## [DATA EXCERPT]
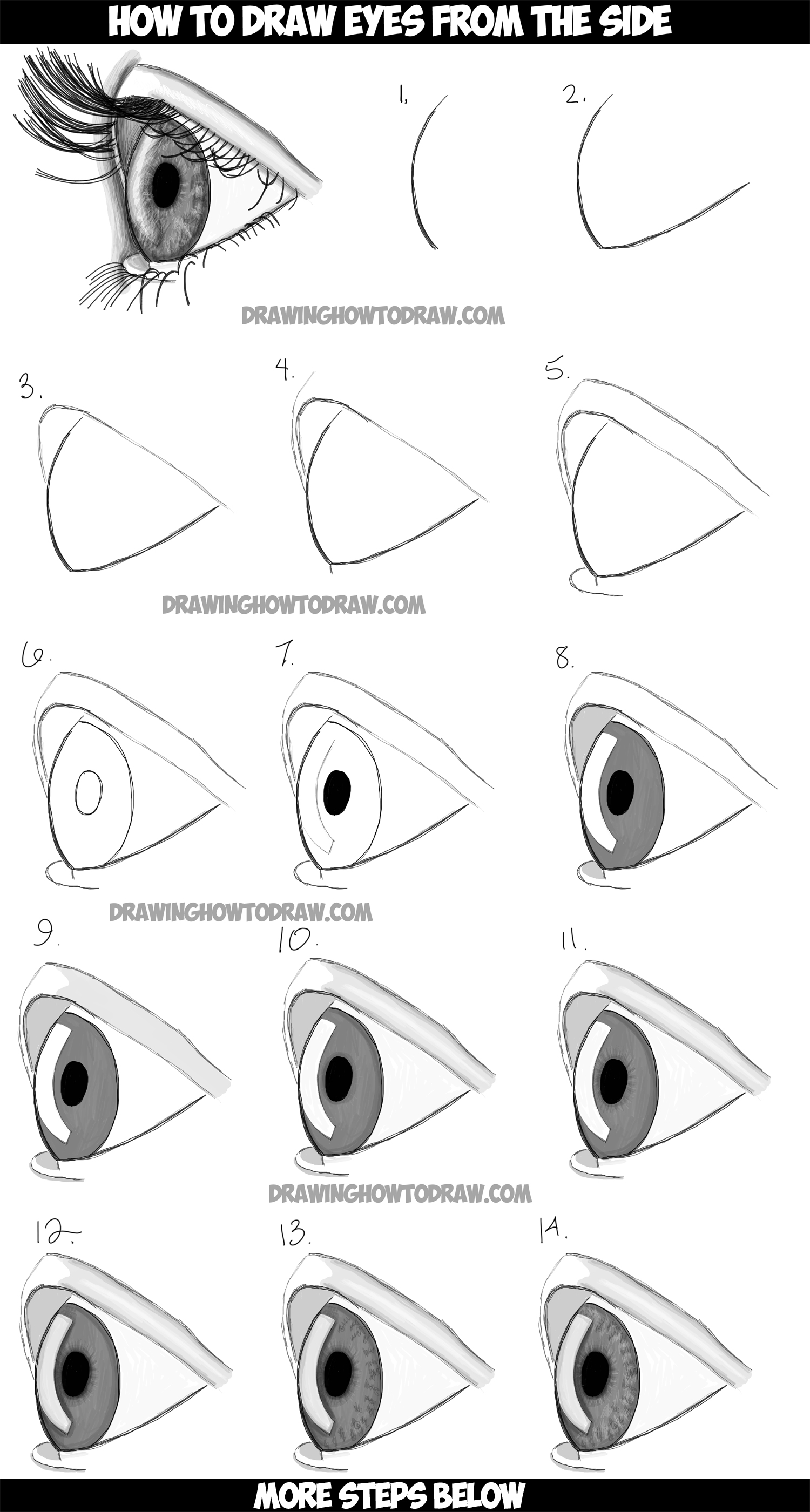 værdighed forkæle Demonstrere How to Draw Realistic Eyes from the Side Profile View - Step by Step  Drawing Tutorial - How to Draw Step by Step Drawing Tutorials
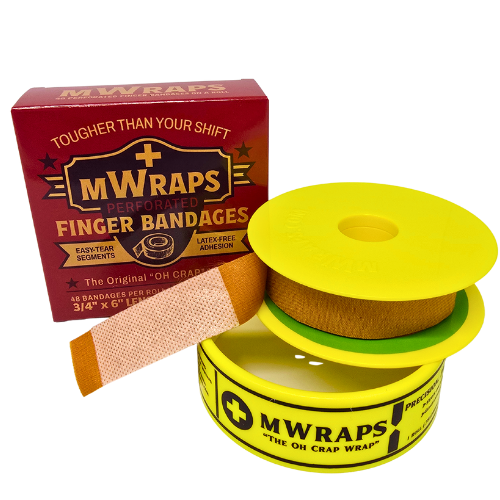 Mwraps ™: Finger Bandages on a Roll – 48 Durable, Extra Long , Latex-Free for Tradesmen & Work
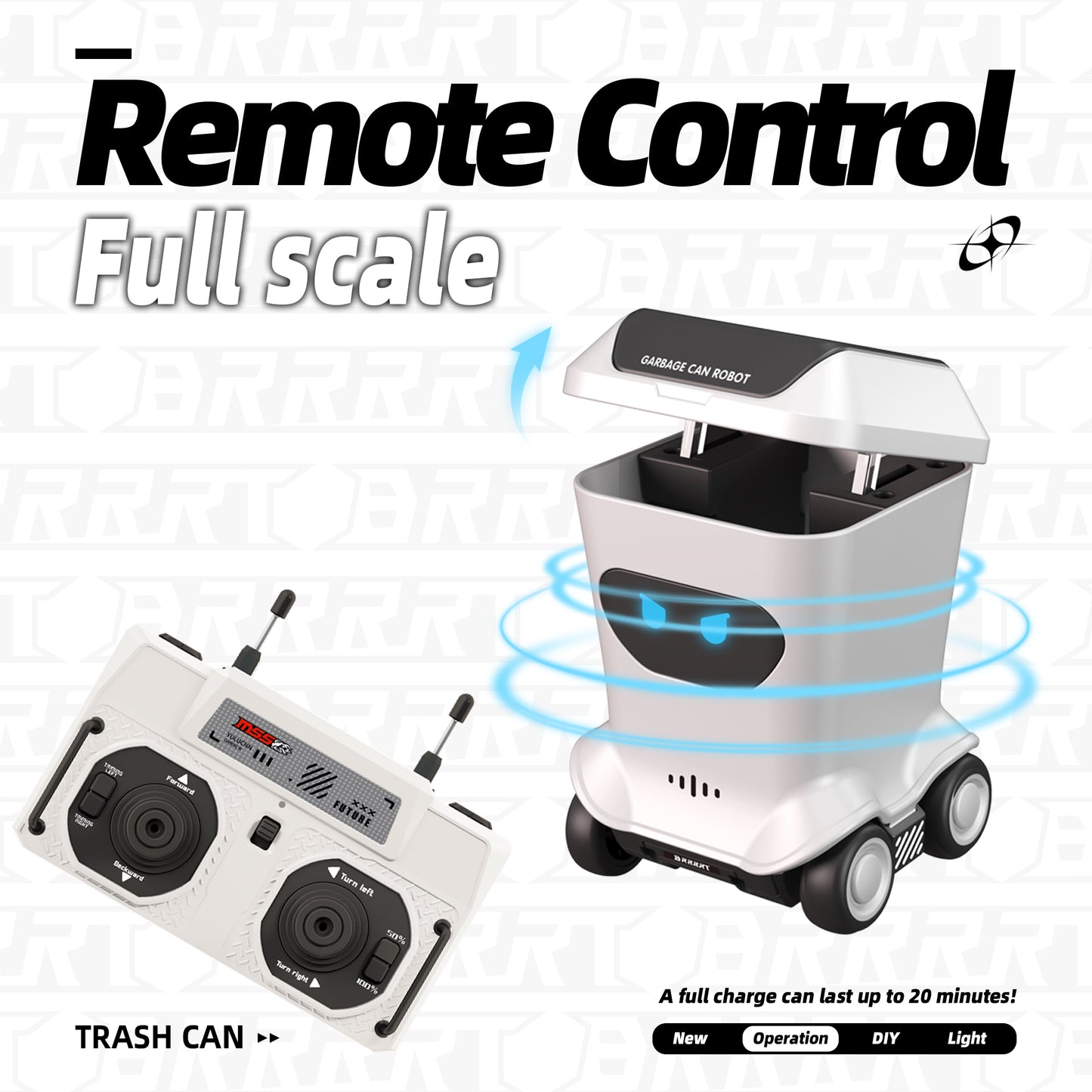 BRRRRT Mini RC Trash Can with Lights and Sounds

## [EXERCISE DESCRIPTION]
Copy the listing character for character, pictures omitted.

## [WRITTEN RESPONSE]
 værdighed forkæle Demonstrere How to Draw Realistic Eyes from the Side Profile View - Step by Step  Drawing Tutorial - How to Draw Step by Step Drawing Tutorials
 Mwraps ™: Finger Bandages on a Roll – 48 Durable, Extra Long , Latex-Free for Tradesmen & Work
 BRRRRT Mini RC Trash Can with Lights and Sounds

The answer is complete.